BigCodeBench: Benchmarking Code Generation with Diverse Function Calls and Complex Instructions (2406.15877v3)

Published 22 Jun 2024 in cs.SE, cs.AI, and cs.CL

Abstract: Task automation has been greatly empowered by the recent advances in LLMs via Python code, where the tasks ranging from software engineering development to general-purpose reasoning. While current benchmarks have shown that LLMs can solve tasks using programs like human developers, the majority of their evaluations are limited to short and self-contained algorithmic tasks or standalone function calls. Solving challenging and practical requires the capability of utilizing diverse function calls as tools to efficiently implement functionalities like data analysis and web development. In addition, using multiple tools to solve a task needs compositional reasoning by accurately understanding complex instructions. Fulfilling both of these characteristics can pose a great challenge for LLMs.To assess how well LLMs can solve challenging and practical tasks via programs, we introduce BigCodeBench, a benchmark that challenges LLMs to invoke multiple function calls as tools from 139 libraries and 7 domains for 1,140 fine-grained tasks. To evaluate LLMs rigorously, each task encompasses 5.6 test cases with an average branch coverage of 99%. In addition, we propose a natural-language-oriented variant of BigCodeBench, BigCodeBench-Instruct, that automatically transforms the original docstrings into short instructions only with essential information. Our extensive evaluation of 60 LLMs shows that LLMs are not yet capable of following complex instructions to use function calls precisely, with scores up to 60%, significantly lower than the human performance of 97%. The results underscore the need for further advancements in this area.

PDF HTML Abstract

Evaluating LLM Capabilities with BigCodeBench

The paper presents BigCodeBench, a novel and rigorously structured benchmark designed to evaluate the ability of LLMs to tackle complex and practical programming tasks. It focuses specifically on two critical aspects: employing diverse function calls from domain-specific libraries and following intricate instructions requiring compositional reasoning.

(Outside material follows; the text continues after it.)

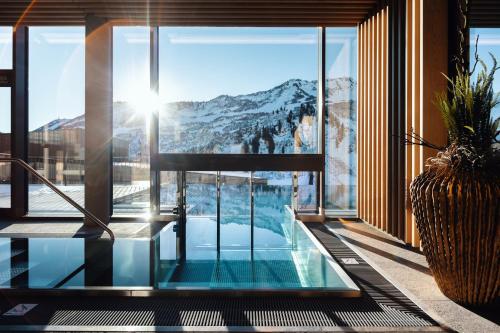 a house with a pool and a view of a mountain at Hotel Alpenstern in Damuls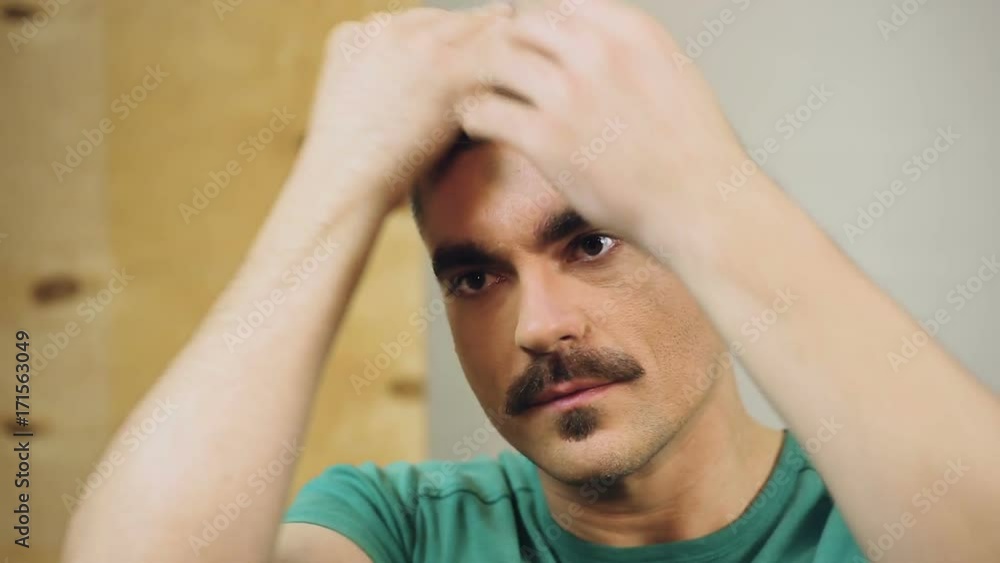 Confident and narcissistic alpha male modeling his hairstyle before going out Confident and narcissistic alpha male modeling his hairstyle before going out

Construction and Importance of BigCodeBench

The authors identified a gap in current benchmarks, such as HumanEval and MBPP, which primarily feature short, self-contained algorithmic challenges that models have begun to saturate. These tasks do not adequately simulate the complexities encountered in realistic programming environments. Thus, BigCodeBench was assembled to bridge this gap, featuring 1,140 tasks that demand the use of function calls from 139 libraries across seven domains. This benchmark necessitates LLMs to perform real-world programming tasks, focusing on practical applications like web development and data analysis.

BigCodeBench stands out because it not only requires an understanding of algorithms but also tests how effectively LLMs can integrate and apply external libraries to solve problems—mirroring practical software engineering scenarios. The usage of extensive debugger-like evaluations (5.6 test cases per task with 99% branch coverage on average) ensures that the model thoroughly understands and solves the given tasks.

Evaluation of LLMs

The benchmark assesses both instruction-tuned and base LLMs, measuring performance using the unbiased Pass@ $K$ metric. A key discovery is that while LLMs are proficient in certain domains, their performance on BigCodeBench tasks is far from human-level, with the best models scoring approximately 60% compared to human performance at 97%. This discrepancy not only highlights the complexity of the tasks but also suggests areas where LLMs require improvement.

Observations and Findings

Model Scaling and Performance: Higher parameter counts generally correlate with improved performance, showcasing characteristics of scaling laws in LLM training.
Closed vs. Open Models: Proprietary models like those from OpenAI and Anthropic generally outperform open-source alternatives, with GPT-4o leading in performance.
Domain-Specific Challenges: LLMs excel in domains such as computation and cryptography but struggle with others like networking, indicating areas where models could benefit from domain-specific tuning.
Instruction Following: A notable challenge for LLMs is accurately following detailed instructions for complex tasks. Instruction tuning improves performance, but there remains a significant gap to bridge.

Future Work and Implications

The research underscores the necessity for enhanced LLMs with better generalization abilities and improved instruction adherence. The authors propose continuous development of BigCodeBench to include emerging libraries and tasks, and suggest exploring more dynamic environments where LLMs function as agents interacting with different tools and services.

By addressing these gaps, the paper not only highlights the current capabilities and limitations of LLMs in software engineering applications but also sets a foundation for future advancements in the field. The introduction of BigCodeBench is poised to guide researchers and developers toward the development of more robust and versatile LLMs capable of undertaking real-world software engineering challenges.